In iron-based superconductors, scientists have speculated that there is a sign change for the phase of superconducting order parameter at different “Fermi pockets” – the energy countours that form due to the rules by which electrons occupty the crystalline structure.
“Naively, distinguishing between conventional superconductivity and sign-changing superconductivity requires a phase-sensitive measurement of the superconducting order parameter, which can be extremely challenging,” said Ilya Belopolski, a postdoctoral researcher in Hasan’s group and co-author of the study. “A beautiful aspect of our experiment is that by considering violations of Anderson’s theorem, we can get around this requirement.”
In fact, the team discovered that by introducing such a sign change in the order parameter of the superconductivity, they were able to reproduce the odd evolution from the cobalt impurities. Going beyond these initial calculations, the team employed a further three state-of-the-art theoretical methods to demonstrate the impact of the non-magnetic cobalt scatterers on this sign-changing superconductor.
“The fact that three different theoretical models all point to the same explanation demonstrates this is a robust conclusion,” said Jia-Xin Yin, a postdoctoral research associate and another co-first author of the study. In the quest for solving the mysteries of superconductivity, complicated models are developed that do not always agree with each other. In this case, Yin said, “the model-independent results unambiguously pin down that this is a sign-changing exotic superconductor not originally considered by Anderson’s work.”
Funding for this study was provided the U.S. Department of Energy under the Basic Energy Sciences program, the Princeton Center for Theoretical Science, and the Princeton Institute for the Science and Technology of Materials Imaging and Analysis Center at Princeton University. Additional funding was provided by the Gordon and Betty Moore Foundation, the National Research Foundation of Korea, and the Natural Science Foundation from Jiangsu Province of China.

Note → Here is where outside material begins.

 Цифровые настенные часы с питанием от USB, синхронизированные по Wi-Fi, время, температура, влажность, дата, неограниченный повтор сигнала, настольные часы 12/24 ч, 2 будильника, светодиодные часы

The research included contributions from scientists at Princeton University, the Chinese Academy of Sciences, Nanjing University of Information Science and Technology, Universität Leipzig, National Sun Yat-Sen University in Taiwan, Brookhaven National Laboratory, Technical University of Denmark, the University of Copenhagen, Nanjing Normal University, Academia Sinica in Taiwan, Boston College, POSTECH in Korea, Lawrence Berkeley National Laboratory, and Julius-Maximilians-Universität Würzburg.